Attorney Martin Hood, representing the South African Arms and Ammunition Dealers’ Association, said the organisation approached the court after the South African Police Service (SAPS) failed to implement an electronic system for the registration of all firearms in the country despite a 2019 court interdict ordering them to do so.
“Firearms dealers have been asking for this electronic system, and seven years on there’s still no implementation. SAPS are in breach of a court order, and now they will have to explain things to the high court,” Hood said.
At a case management meeting on Tuesday, police will be asked to explain why the electronic connectivity system has still not been built, despite the interdict requiring implementation by 2023, and why a R293m tender awarded late has yet to produce a functioning system.
The court battle comes as tensions continue to grow over proposed amendments to the Firearms Control Amendment Bill.
Fidelity Services Group CEO Wahl Bartmann said the company was “strongly opposed” to the proposed regulations and warned that the amendments could ultimately contribute to rising violent crime.
The cost is unaffordable; it will push demands underground, and it will serve as a barrier to entry for armed security officers who are paid more than security guards
— Nikki Pretorius, International Firearm Training Academy CEO
Bartmann said the industry had not yet launched a legal challenge because the amendments remain in pre-parliamentary negotiations before the National Economic Development and Labour Council (Nedlac) together with the police secretariat.
Hood said more than 200,000 objections had been submitted during the public participation process, indicating the proposed amendments were “unworkable in the minds of many”, with critics arguing that existing firearm laws were already sufficient but poorly enforced.
He said ongoing police corruption — currently being exposed at the Madlanga commission — and failures at the Central Firearms Registry resulted “in people dying and criminals walking away without a conviction”.

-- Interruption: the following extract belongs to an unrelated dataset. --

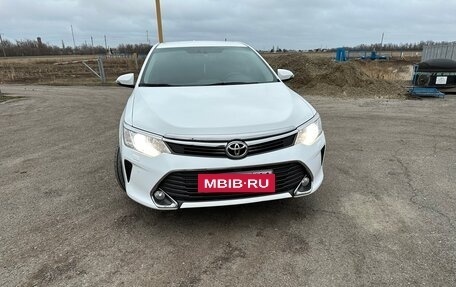 Toyota Camry, 2014 год, 2 250 000 рублей, 8 фотография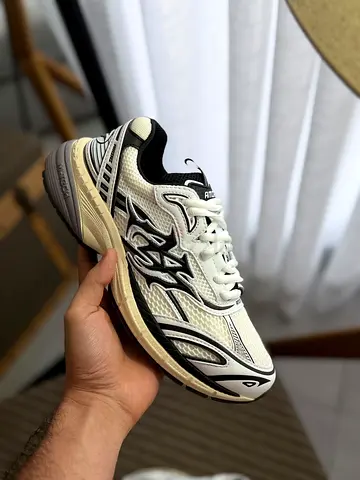 Amiri M Tech Logo Patch Sneakers
40/47
(Super master quality)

Nikki Pretorius, CEO of the International Firearm Training Academy, said stricter controls could drive gun ownership underground and push both civilians and security companies towards illegal firearm ownership.

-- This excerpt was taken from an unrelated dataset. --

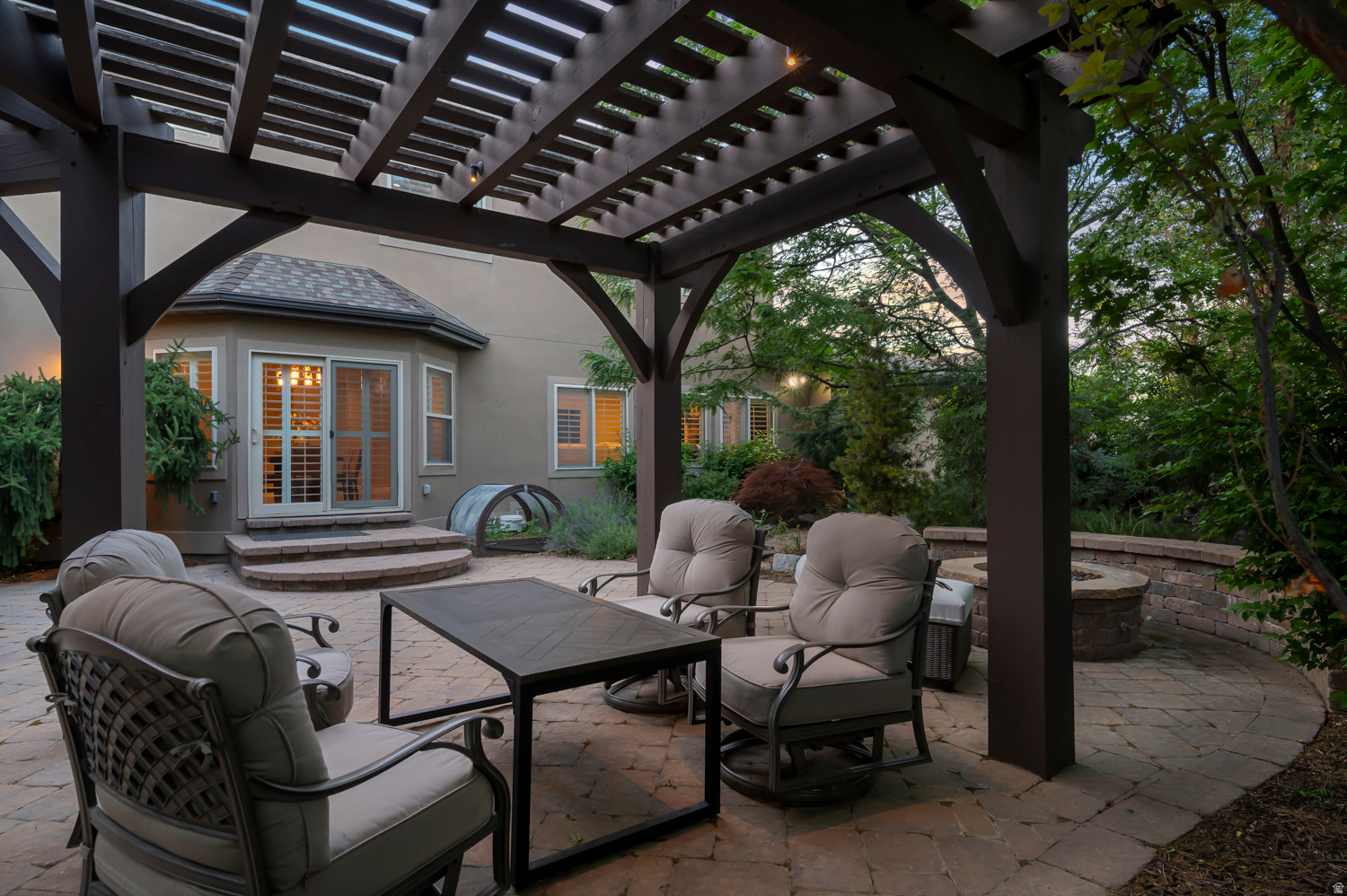 RIDGE - Residential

She said the proposed regulations would dramatically increase training requirements, extending mandatory civilian firearm training from one-and-a-half days to five days, while security guard training could stretch from five days to three weeks or more.
“The cost is unaffordable; it will push demands underground, and it will serve as a barrier to entry for armed security officers who are paid more than security guards,” Pretorius said.

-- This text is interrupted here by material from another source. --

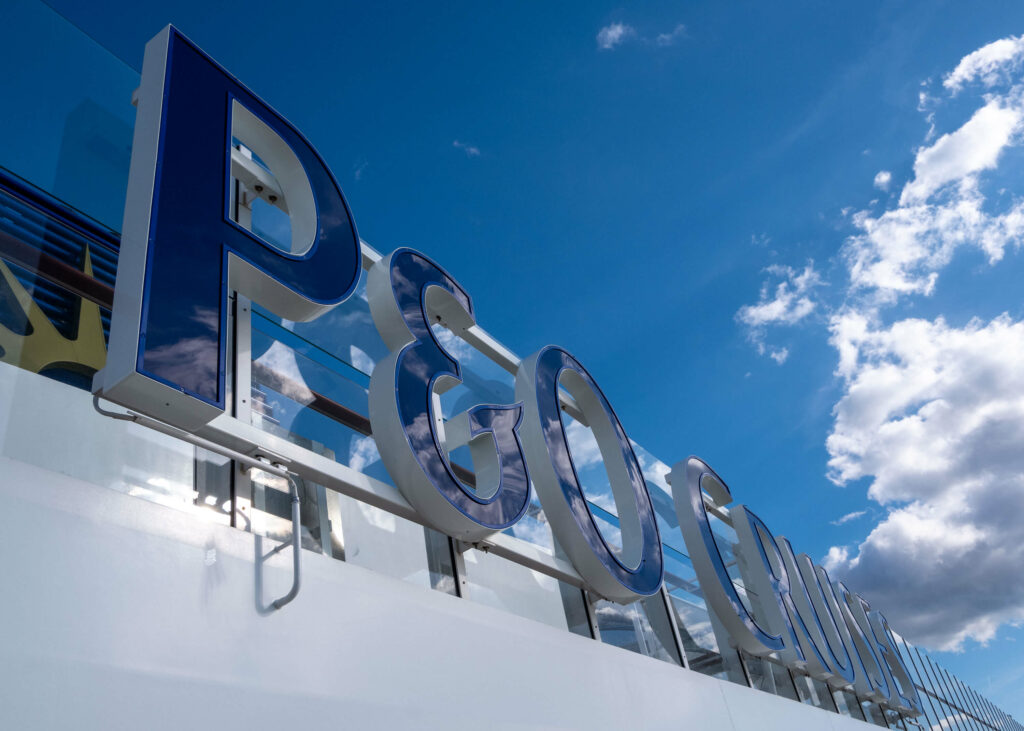 P&O Cruises sign on Iona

But Stanley Maphosa, director of Gun Free South Africa, said his organisation welcomed stronger legislation, particularly within the private security sector, which he said was now four times larger than the police service.
“Murder has risen 62% over the past decade and attempted murder is up 67%, and at the same time the security industry has increased by 41%,” he said.
“Over 30 people are shot dead every day in South Africa. These regulations have real potential to change that by limiting access to firearms and improving oversight. Fewer guns in circulation mean fewer opportunities for misuse.”
The Private Security Industry Regulatory Authority acknowledged the sharply divided response to the draft amendments and welcomed further engagement.
It said the regulations remained at the proposal stage and should serve “as an invitation to have a dialogue with all affected stakeholders in order to create a regulatory framework that is fair but also fit for purpose”.